* **The data**
********
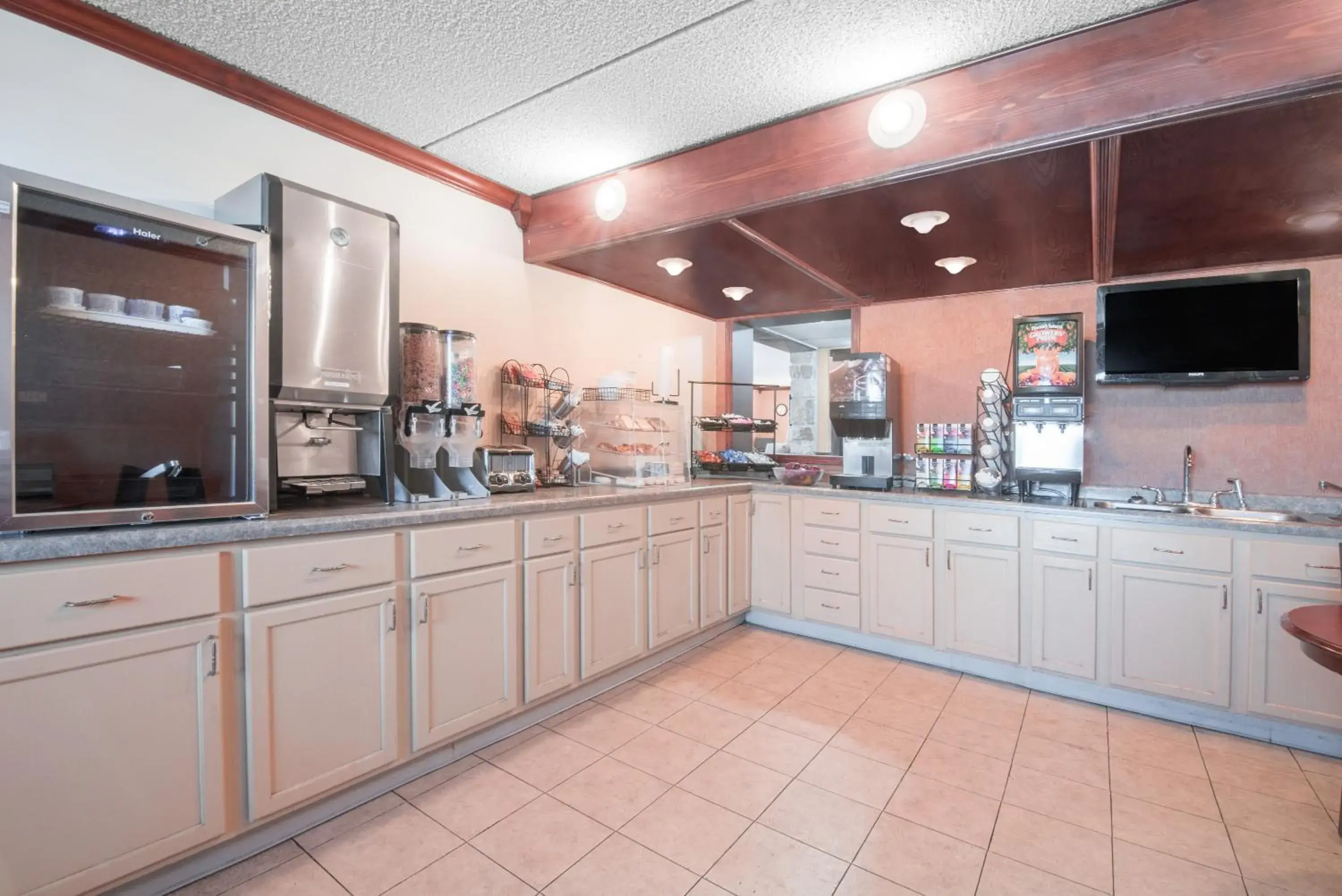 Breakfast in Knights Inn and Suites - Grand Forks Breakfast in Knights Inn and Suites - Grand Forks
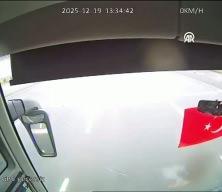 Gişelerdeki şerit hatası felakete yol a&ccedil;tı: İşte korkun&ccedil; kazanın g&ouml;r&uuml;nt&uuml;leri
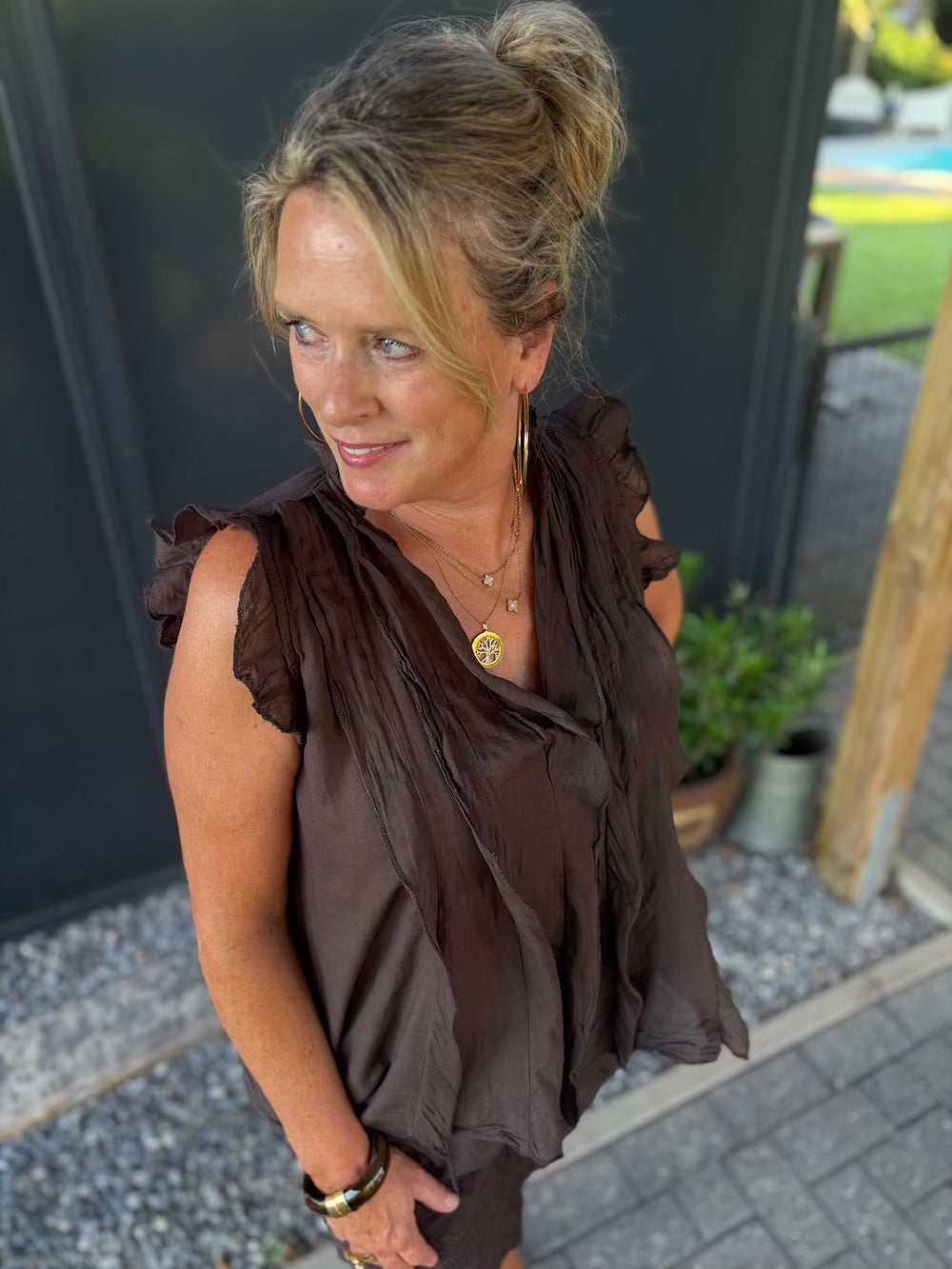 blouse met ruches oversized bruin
********
* **Exercise details**
Omit the pictures, then set down all the remaining data exactly as given.

* **Response to this task**
 Breakfast in Knights Inn and Suites - Grand Forks Breakfast in Knights Inn and Suites - Grand Forks
 Gişelerdeki şerit hatası felakete yol a&ccedil;tı: İşte korkun&ccedil; kazanın g&ouml;r&uuml;nt&uuml;leri
 blouse met ruches oversized bruin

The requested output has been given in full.